Güç kuvvet ve kudreti yerinde olan bir kimseyi yardımlarla çalışma imkanından mahrum etmek AKP'nin ülkeye getirdiği yeni bir bağımlılık vakası örneğidir. İnsanlar ellerine geçirdikleri yeşil kartla sağlığı devlete, yiyecek giyecek yakacağı yine devlete yıkarak, görevleri bu yardımlarla bağımlı ter akıtmaktan hayat sürdürmektir.
Çocuklarına iş veya hademelik ikbal beklentisi de eklenince birde şekle münhasır forma rengi Müslümanların iktidarı avuntusu da söz konusu olunca değme vatandaşın keyfine bu anlayış ve kafa yapısı ülkeyi nereye götürür Allah bilir?
Sosyal devlet üretmekten tüketmeyi oy almak için mübah hale getirmek midir? Ülke kaynakları bu kadar sınırsız mıdır? Sosyal devlet ihtiyacı olana dibine kadar sahip çıkmaktır? Sosyal devlet zengin vatandaşın evladına da kitabı siyasi mülahazalarla ücretsiz vermek değildir. Gerçek fakire kıyafetini ve diğer ihtiyaçlarını da ücretsiz vermektir.
Bunu da Müslümanlık anlayışımızın gereği bir elin verdiğini diğer ele duyurmadan yapmaktır. Oy almaya siyasi rüşvete yönelik israfa dönüşen yardım kampanyalarının sonu iflastır. Sosyalist düzende işçi üretimini temel öğesidir. Bizim ülkemize has uygulaması ise insanlar tüketim çılgınlığının paçası haline getirilmiştir.
Dünyada bu kadar Üretmeden tüketen tüketim bağımlısı haline getirilen tüketim bombardımanları hedef haline getirilen bir ülke var mıdır? Borç batağı ile kartlı bir hayata mahkum edilen yeşil kart, kredi kartı, otomobil kredisi, konut kredisi, işte bu kart ve krediler tutsağı olan başka bir ülke var mıdır?
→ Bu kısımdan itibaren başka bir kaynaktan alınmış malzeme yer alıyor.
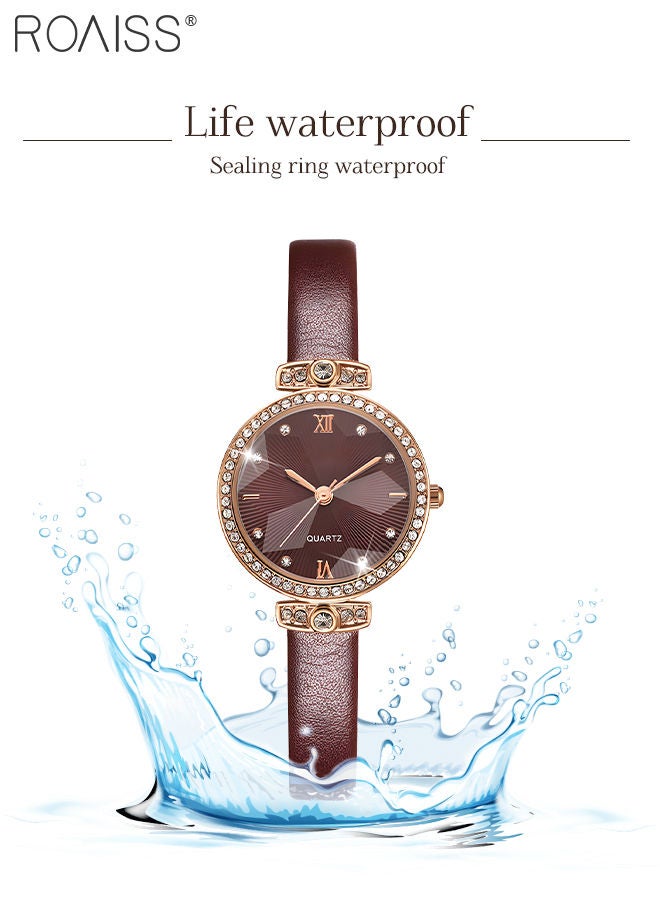 Women's Leather Strap Quartz Watch Analog Display Round Dial with Rhinestones Decorated Bezel Waterproof Elegant Wristwatch as Gift for Ladies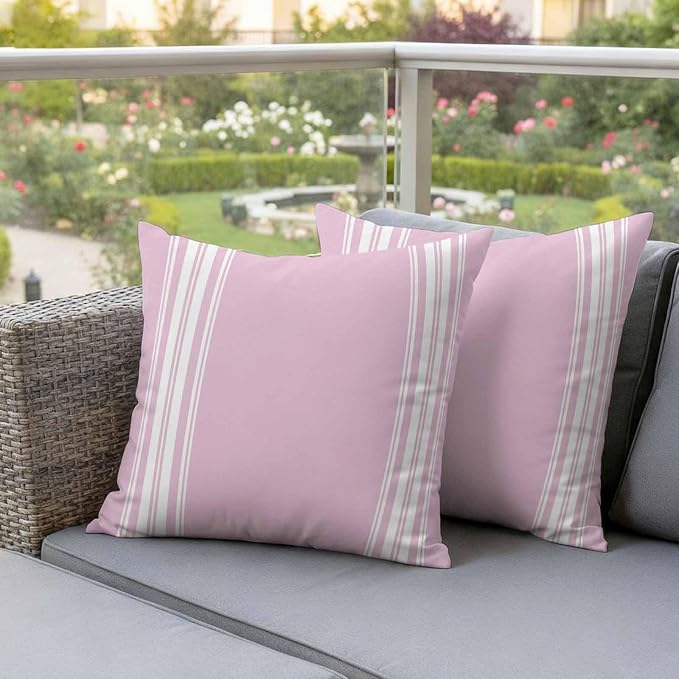 Outdoor Pillow Covers 20x20 Set of 2 Pink Stripes Outdoor Pillows Waterproof Throw Pillow Covers French Stripe Farmhouse Style Pillowcases Decorative Case for Patio Cushion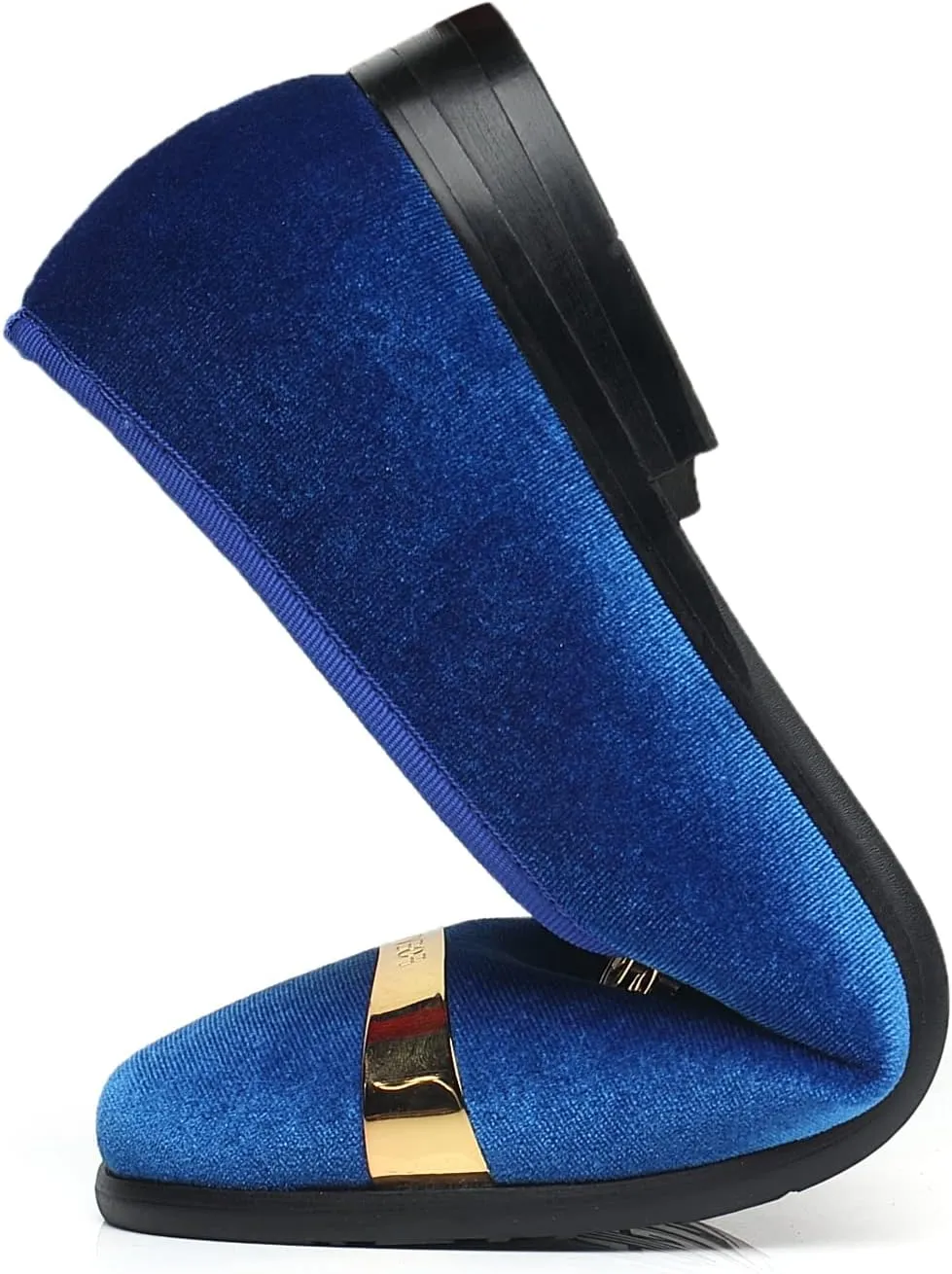 Men's Loafers Velvet Gold Buckle Fashion Handmade Party Wedding Prom Shoes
Borç veren emirde verir türünden artık oluk oluk bir sel felaketi gibi yağmur çamur demeden dağ taş yerinden oynayarak bütün oylar AKP ye! bir siyasi felaket gibi sel olan oylar AKP iktidarına akıyor. Kim tutar akpartiyi konuşana hakaret veya sus payı boldur.
Tüm TV kanalları nerede ise emrindedir.Konuşanların vay geldi başına zaten ses çıkarmaya mecalleri kalmamıştır. Aman ülkenin istikrarı bozulmasın kriz şantajları psikolojik operasyonlar peşi peşine sıralanır. Adına demokrasi denilen seçimcilik oyununun seçim olmadan kaybedeni diğer muhalefet partileridir. Oynanmadan kazanılan bir maç gibi nerede ise seçim yapılmadan galibi belli olan göstermelik siyasi yarış AKP'nin yaşama iklimidir.
Eşit şartlarda yarışamayan iktidarın seçim kaznma kuklası haline getirilmiş muhalefet parti adaylarını figüran durumuna somak bu ülke için kader midir? Kazandım demek için rakip yapılmış bu insanlarında onuru yok mudur? Eli kolu bağlanarak seçime sokulan eşit yarış imkanlarından mahrum rakip adaylar karşısında seçim kazanmak insanlığa mertliğe sığar mı?
Seçim kazananı önceden belli olan dünyada emsali görülmemiş ülke Türkiye'dir. Ülkemize has bir tiyatro oynanıyor ama gerçekler acıdır. İşte o acı gerçeklere doğru milletçe süratle yol alıyoruz. Allah milletimizi uyandırsın Müslüman Türk milletine ati her türlü milli ve dini değerin özüyle fert siyaset millet ve devlet hayatımıza ölçü olmasını diliyorum. Allah Milletimize yakışır ona has onurlu bir hayat nasip etsin ve her türlü felaketlerden bizi korusun.